Modern vehicles with hydraulic braking systems are equipped with brake boosters. Brake boosters reduce the effort required by the driver to push the brake pedal. This effect is generated by a vacuum in the brake booster. In gasoline engines without direct fuel injection the required vacuum is generated by the engine directly. Due to their design, engines with direct fuel injection cannot create the necessary vacuum. In these cases a vacuum pump is used.
The oil/vacuum pumps from SHW feature high suction and low driving torque. They can be integrated in the engine individually.

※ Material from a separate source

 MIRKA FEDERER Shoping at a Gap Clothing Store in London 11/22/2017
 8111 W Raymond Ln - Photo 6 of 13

Engines with a small number of cylinders can be made to run more smoothly by integrating a balancer shaft in the tandem pump.
Transmission oil pumps
Automatic transmissions have already enjoyed particularly rapid growth for a number of years.
Transmission oil pumps for automatic transmissions are generally powered by the combustion engine. They provide sufficient oil for gear changing and starting elements, to lubricate the gear wheels and to cool the transmission.

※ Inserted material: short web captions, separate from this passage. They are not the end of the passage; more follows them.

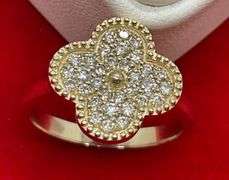 CERTIFIED BRAND NEW 14K GOLD AND DIAMOND CLOVER RING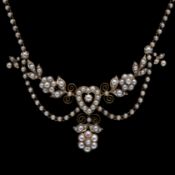 A LATE VICTORIAN/EDWARDIAN PEARL NECKLACE.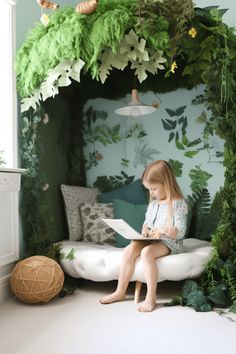 Armoire Reading Nook, Treehouse Reading Nook, Woodland Playroom Ideas, Kids Reading Nooks, Kids Reading Nook Corner, Reading Nook Adults, Garden Bedroom Kids, Forest Reading Nook, Nature Themed Playroom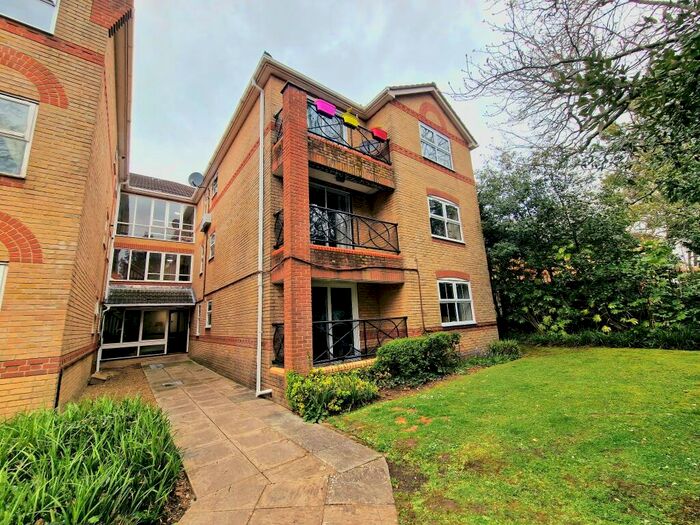 2 Bedroom Flat To Rent In Northlands Road, Banister Park, SO15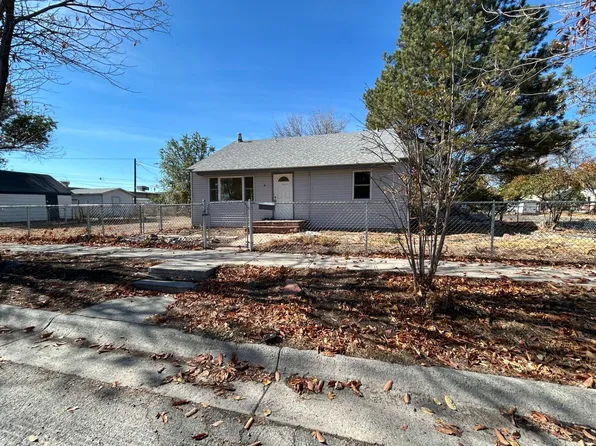 120 N 9th St W, Riverton, WY 82501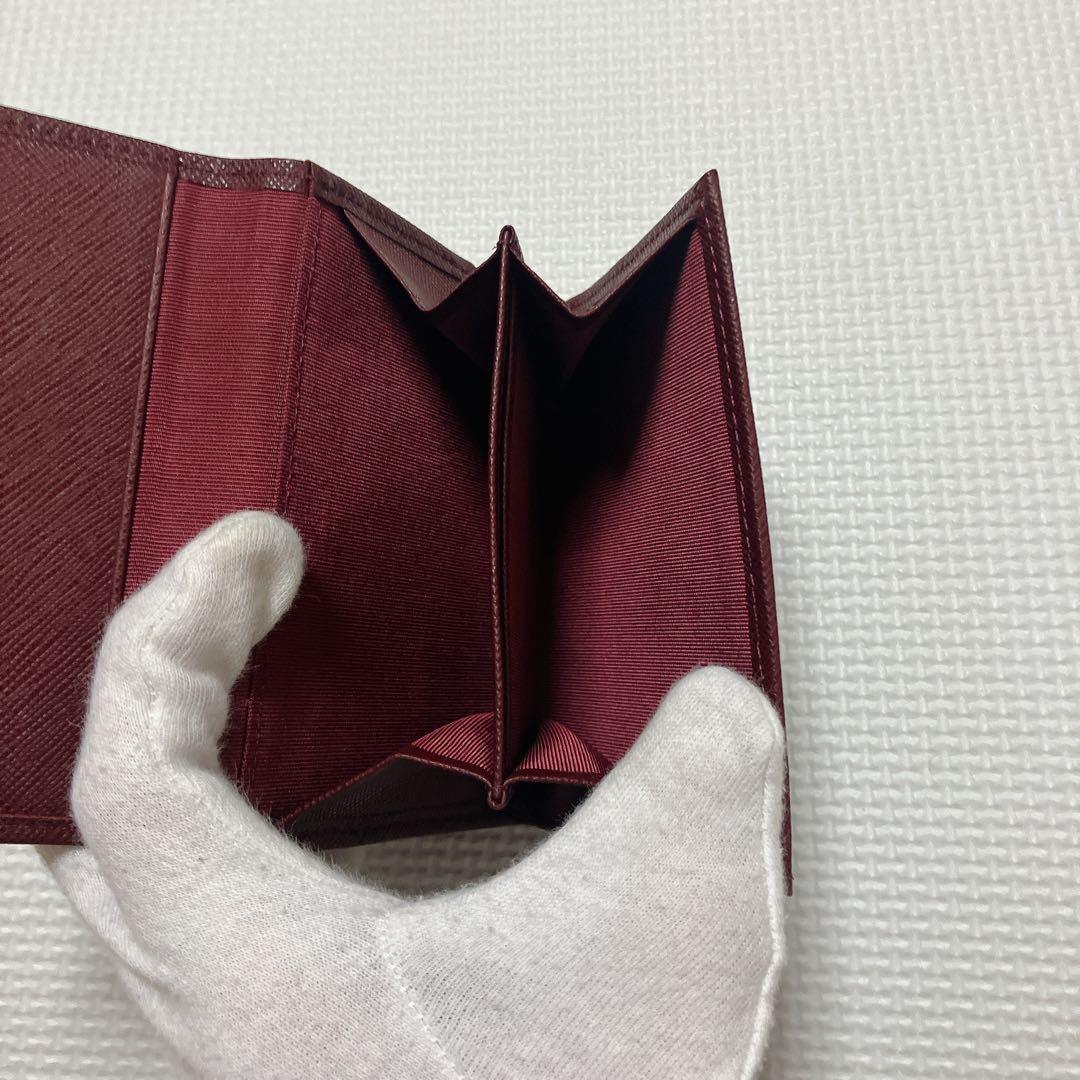 ・未使用　BURBERRY バーバリー　レザー二つ折り財布　ワイン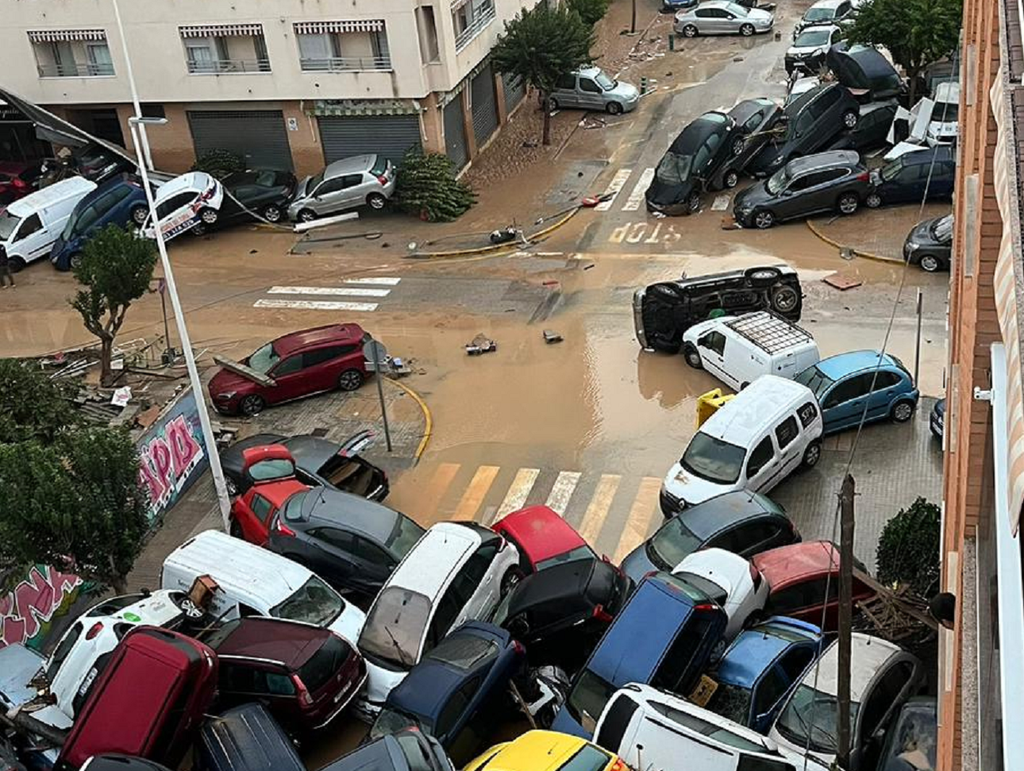 L'orage stationnaire a laissé derrière lui des paysages dévastés dans la région de Valence, notamment.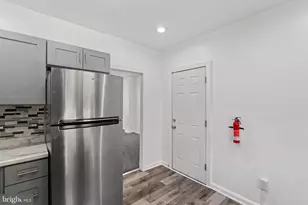 323 Berbro St, Darby, PA 19023 - Photo 5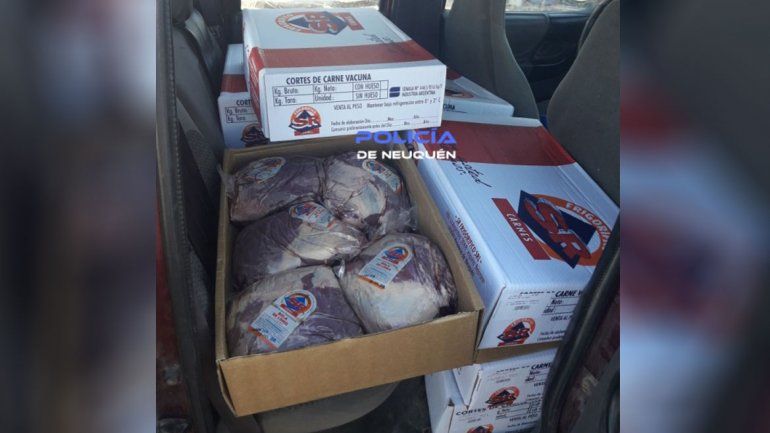Llevaba 180 kilos de carne en una camioneta sin la cadena de frío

Either as internal gear pumps, external gear pumps or as binary vane pumps, SHW has transmission oil pumps in its portfolio for automatic transmissions, dual-clutch, CVT and hybrid transmissions. SHW engine oil pumps display very high efficiency.
Electric oil pumps
With regard to automated manual transmissions, dual-clutch and fully automatic transmissions, the trend is clearly towards auxiliary electric transmission oil pumps. These offer substantial savings due to their start-stop function and coasting concepts. For the first generation of these pumps, the engine only shut down when the vehicle stopped moving. In extended start-stop systems, the engine is also cut out while the car rolls to a stop, such as before a red light. This prolongs the time the engine is turned off and lowers fuel consumption.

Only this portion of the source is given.